* _Problem to solve_
Copy exactly the line containing "So all that's" and each line after it to the end of the listing, and output nothing else.

* _Dataset extract_

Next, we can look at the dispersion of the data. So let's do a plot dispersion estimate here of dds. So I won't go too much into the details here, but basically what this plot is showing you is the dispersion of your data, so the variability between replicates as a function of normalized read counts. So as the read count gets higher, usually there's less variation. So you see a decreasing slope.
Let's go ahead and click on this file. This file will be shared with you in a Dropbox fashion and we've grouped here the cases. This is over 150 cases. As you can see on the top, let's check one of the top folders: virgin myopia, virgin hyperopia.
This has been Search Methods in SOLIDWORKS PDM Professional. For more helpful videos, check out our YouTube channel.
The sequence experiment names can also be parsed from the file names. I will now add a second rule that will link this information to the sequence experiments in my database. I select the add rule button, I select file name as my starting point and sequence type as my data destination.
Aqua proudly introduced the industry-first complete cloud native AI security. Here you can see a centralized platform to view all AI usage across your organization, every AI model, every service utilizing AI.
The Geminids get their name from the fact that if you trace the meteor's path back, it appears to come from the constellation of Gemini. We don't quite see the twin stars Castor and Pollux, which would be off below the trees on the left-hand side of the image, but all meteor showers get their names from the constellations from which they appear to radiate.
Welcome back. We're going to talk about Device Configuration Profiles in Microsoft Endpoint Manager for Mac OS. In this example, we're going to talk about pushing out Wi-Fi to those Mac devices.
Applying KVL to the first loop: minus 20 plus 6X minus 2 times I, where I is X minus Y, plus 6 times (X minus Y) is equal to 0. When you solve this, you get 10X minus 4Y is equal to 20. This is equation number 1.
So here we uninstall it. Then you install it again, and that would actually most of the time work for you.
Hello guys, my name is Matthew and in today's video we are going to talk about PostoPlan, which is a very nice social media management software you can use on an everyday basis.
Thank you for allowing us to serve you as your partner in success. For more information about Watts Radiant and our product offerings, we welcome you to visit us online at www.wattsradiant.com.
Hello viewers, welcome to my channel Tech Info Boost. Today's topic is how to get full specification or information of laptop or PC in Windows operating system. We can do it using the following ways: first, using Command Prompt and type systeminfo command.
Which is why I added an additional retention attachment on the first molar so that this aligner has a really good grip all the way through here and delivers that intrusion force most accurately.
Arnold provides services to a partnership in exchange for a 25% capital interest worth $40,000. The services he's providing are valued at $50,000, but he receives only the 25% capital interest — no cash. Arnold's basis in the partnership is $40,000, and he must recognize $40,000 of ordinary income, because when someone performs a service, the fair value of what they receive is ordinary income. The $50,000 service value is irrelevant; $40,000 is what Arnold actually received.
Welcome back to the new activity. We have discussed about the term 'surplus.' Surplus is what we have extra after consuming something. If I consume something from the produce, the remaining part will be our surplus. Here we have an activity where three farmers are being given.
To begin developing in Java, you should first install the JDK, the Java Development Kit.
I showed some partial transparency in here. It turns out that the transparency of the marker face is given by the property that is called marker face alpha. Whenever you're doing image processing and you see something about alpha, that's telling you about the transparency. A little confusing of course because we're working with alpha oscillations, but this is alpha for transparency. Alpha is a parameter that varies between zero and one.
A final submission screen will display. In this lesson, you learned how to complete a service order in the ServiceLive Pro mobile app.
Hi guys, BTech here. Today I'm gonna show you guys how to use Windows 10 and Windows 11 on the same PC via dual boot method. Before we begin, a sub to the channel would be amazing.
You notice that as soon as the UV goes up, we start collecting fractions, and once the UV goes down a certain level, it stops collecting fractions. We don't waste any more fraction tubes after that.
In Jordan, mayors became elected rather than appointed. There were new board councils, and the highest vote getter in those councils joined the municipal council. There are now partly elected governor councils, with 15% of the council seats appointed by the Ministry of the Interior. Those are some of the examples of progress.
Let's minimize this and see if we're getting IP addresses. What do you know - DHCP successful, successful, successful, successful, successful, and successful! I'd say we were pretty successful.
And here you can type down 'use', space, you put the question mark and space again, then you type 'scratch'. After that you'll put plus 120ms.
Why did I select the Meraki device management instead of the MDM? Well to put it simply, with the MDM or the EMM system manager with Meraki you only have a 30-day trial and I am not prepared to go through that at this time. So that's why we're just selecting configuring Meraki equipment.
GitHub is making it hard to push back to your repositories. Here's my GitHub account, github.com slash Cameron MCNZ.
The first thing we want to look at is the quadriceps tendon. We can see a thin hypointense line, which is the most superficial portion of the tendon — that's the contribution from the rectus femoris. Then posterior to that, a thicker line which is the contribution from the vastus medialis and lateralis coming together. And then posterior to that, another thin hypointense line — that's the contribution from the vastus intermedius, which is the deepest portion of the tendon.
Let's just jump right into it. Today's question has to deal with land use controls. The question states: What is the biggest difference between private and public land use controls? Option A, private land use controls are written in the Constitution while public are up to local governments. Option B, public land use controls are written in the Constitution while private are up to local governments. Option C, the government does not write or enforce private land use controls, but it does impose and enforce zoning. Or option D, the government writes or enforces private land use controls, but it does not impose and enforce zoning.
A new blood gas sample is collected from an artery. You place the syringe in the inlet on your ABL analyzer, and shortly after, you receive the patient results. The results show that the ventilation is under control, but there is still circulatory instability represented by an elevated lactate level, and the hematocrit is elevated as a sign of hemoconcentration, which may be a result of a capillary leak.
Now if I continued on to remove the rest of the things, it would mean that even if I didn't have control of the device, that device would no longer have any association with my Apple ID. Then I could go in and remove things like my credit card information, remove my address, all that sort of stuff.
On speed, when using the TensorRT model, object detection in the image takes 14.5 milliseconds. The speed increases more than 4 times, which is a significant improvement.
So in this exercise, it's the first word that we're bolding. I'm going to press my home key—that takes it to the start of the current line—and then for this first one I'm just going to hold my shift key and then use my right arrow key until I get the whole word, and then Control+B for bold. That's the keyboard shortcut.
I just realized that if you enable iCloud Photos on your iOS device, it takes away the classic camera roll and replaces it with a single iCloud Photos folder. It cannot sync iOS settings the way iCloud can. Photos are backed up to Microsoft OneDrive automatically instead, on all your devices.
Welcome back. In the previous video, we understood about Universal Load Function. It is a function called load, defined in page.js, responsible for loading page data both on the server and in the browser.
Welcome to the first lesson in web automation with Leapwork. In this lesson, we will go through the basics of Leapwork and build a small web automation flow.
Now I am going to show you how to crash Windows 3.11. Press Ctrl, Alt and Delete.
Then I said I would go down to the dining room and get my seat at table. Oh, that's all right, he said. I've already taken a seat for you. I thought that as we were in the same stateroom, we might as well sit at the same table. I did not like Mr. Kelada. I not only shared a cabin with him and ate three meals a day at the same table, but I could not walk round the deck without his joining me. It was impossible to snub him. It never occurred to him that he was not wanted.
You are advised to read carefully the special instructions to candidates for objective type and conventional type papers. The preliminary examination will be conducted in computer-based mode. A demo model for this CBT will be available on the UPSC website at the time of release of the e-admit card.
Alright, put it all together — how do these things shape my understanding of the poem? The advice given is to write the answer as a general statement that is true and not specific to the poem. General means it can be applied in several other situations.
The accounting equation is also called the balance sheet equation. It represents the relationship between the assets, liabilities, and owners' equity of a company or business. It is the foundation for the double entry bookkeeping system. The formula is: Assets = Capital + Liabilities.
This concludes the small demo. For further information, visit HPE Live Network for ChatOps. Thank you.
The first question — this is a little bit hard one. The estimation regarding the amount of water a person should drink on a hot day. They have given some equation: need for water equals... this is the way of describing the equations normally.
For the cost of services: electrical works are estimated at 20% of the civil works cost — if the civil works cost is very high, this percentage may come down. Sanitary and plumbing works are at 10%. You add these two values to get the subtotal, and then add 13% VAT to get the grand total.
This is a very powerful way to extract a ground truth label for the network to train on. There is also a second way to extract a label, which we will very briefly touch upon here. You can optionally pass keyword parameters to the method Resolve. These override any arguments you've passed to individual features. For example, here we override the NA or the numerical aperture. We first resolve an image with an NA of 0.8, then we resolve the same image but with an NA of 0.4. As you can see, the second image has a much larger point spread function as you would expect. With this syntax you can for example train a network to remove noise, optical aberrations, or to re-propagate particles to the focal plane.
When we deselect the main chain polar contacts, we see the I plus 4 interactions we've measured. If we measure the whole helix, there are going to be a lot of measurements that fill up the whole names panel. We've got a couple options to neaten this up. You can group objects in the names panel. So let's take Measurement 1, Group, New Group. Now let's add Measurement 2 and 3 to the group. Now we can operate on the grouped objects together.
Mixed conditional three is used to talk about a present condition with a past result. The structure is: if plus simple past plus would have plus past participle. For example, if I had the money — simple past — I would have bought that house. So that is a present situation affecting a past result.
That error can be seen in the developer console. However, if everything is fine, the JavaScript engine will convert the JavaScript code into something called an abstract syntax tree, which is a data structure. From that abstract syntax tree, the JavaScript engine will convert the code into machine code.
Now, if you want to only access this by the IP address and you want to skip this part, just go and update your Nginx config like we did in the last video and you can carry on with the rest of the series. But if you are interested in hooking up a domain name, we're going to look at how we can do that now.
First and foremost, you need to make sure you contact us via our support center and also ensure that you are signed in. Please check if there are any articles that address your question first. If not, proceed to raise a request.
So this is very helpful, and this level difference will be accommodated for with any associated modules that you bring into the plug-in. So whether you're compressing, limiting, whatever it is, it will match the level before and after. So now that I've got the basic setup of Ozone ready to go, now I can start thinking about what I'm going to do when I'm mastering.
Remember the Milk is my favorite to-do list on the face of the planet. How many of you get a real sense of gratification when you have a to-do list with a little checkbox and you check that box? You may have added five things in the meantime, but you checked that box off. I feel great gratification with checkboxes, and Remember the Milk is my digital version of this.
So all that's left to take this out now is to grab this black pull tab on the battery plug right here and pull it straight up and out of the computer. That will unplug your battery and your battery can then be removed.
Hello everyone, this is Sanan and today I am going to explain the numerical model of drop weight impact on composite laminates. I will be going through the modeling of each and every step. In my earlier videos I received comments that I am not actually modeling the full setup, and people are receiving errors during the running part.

* _Exercise answer_
So all that's left to take this out now is to grab this black pull tab on the battery plug right here and pull it straight up and out of the computer. That will unplug your battery and your battery can then be removed.
Hello everyone, this is Sanan and today I am going to explain the numerical model of drop weight impact on composite laminates. I will be going through the modeling of each and every step. In my earlier videos I received comments that I am not actually modeling the full setup, and people are receiving errors during the running part.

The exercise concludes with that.